人類は今、数百年にわたり異星で暮らしている。異常関係、政治関係、物流関係まで、瀕死の惑星の状態よりも大きな問題があった。青いビー玉の半分が黒くなってもほとんど誰も気づかなかった。その日の夜に"Titan’s Got Talent"がテレビデビューを果たしたためだ。文化的な繋がりは何世代も前に失われている。全人類のかつての住まいの重要性は、今や水星と同程度となっていた。それはもはや、燃えるガスの球の周りを回る、生命の無い一つの物体だった。同じように、地球が10%だけ残っていた時、財団が毎年行っていた月面サイトの避難成功祝い以外にそれが地球であることを示すものはなかった – 周回軌道の中心を失った天然衛星は、既に重力の鎖から解き放たれていた。

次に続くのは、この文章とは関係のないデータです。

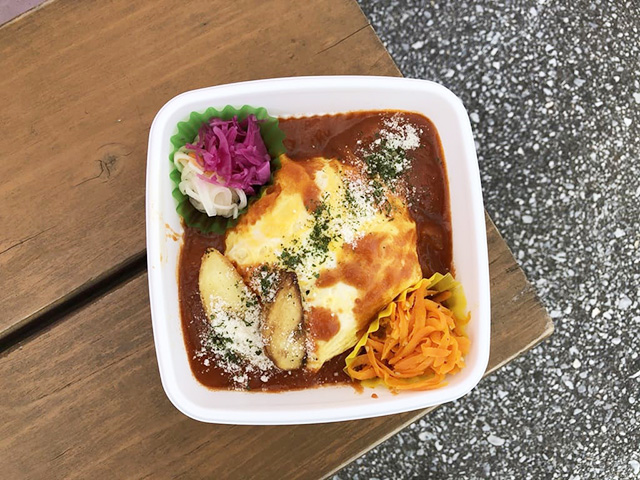 ハヤシオムライス/おんなの駅なかゆくい市場(沖縄県/恩納村)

そして遂に、2690年4月9日、数十万年もの間人類の故郷であった地球はうめき声と共に滅び、たった一人の男がその終末を見守っていた。太平洋、雪を頂いた連峰、あるいは澄んだ青空を目にした宇宙最後の人間であるブライト博士は、地球の残骸が打ち壊され、消え去っていくのを目の当たりにした。小惑星や太陽フレアを生き延び、奇跡的にも異常を収容できるだけの知的存在を生み出した人類の宿り場は、ただ成長する影の中に消えていった。
この悲劇をよそに、人生は続いた。時が経つにつれ、事象の地平線の向こうに置いていかれた放棄された星、見捨てられた故郷のことを覚えている人間は減っていった。そんなことは、新たな世界には全く関係なかった。
人類は暗闇の中では死ななかった。
だが、地球は暗闇に飲み込まれた。